Finally got a chance to try Celsius. Spot sprayed some of the weeds in the yard with my hand can pump up sprayer. Used half a tsp in one gallon so not the most accurate. Will order a digital scale for the next app.

Parts for the flex 21 should be here this week!


----------



## Sparton (Mar 20, 2019)

Got the parts in today for the flex. Rebuilt the carb and had my inaugural mow. What a butt kicking it was.


----------



## Sparton (Mar 20, 2019)

Got in my second mow with the toro. Gearbox still leaking and all. 

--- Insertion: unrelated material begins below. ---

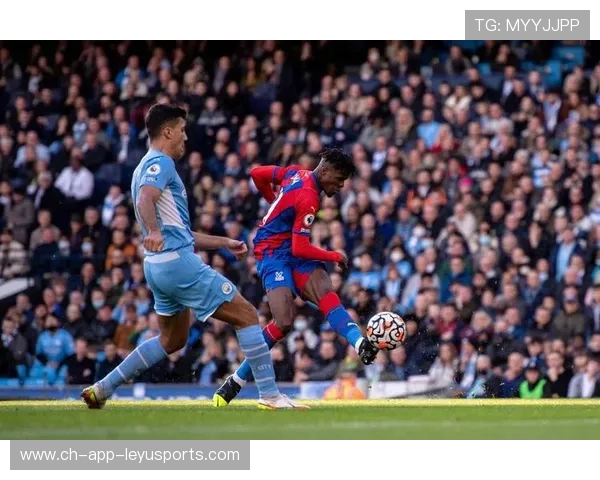 英超激战士气高昂,精彩进球与战术创新齐飞,英超精彩进球集锦 英超激战士气高昂,精彩进球与战术创新齐飞,英超精彩进球集锦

Look at those stripes. I'm proud of those.


----------



## Sparton (Mar 20, 2019)

Did a second spot spray of Celsius while we still have this nice cool front. 1/2 tsp with mso. 

Starting to see the Dallis grass yellow


----------



## Sparton (Mar 20, 2019)

Put in a lot of work in the yard this weekend. I've had a large trouble spot in the back yard along the entire backside of the house. It seems the back yard was seeded so I have no topsoil in the back what so ever just lovely red clay. Manually airated then spread 12 bags of topsoil. Red clay turns into brick so the common Bermuda can't tack down and create roots. 








After finishing all that I decided to do a hoc reset. Went as low as the high hoc bars will allow.


----------



## Sparton (Mar 20, 2019)

7-29 put down 1/2 pound of n in the front yard. Full pound in the back.


----------



## Sparton (Mar 20, 2019)

Tried to have a little gender reveal tonight. FYI a greensmaster will just push a balloon not pop it.


----------



## Bmossin (May 31, 2018)

That looks Pink...CONGRATS...I have been blessed with three girls...it is awesome!


----------



## Sparton (Mar 20, 2019)

@Bmossin thanks man I'm sure this is payback for my teenage years lol. We're really excited to become parents


----------



## Batsonbe (May 9, 2019)

Congratulations on the baby


----------



## Sparton (Mar 20, 2019)

Fertilized the lawn at .5 n per M. Finally got ahold of some real fertilizer last weekend at site one in Tyler. Sadly I knew more about what they were selling then the counter guys did. Anyways this is the beginning of me spoon feeding the yard some 21-0-0


----------



## Sparton (Mar 20, 2019)

Put down a 1/2 lb of nitrogen tonight. Got finished not 5 minuets before a 1/4 inch of rain


----------



## Sparton (Mar 20, 2019)

Put down pre emergent at the 3 month rate.


----------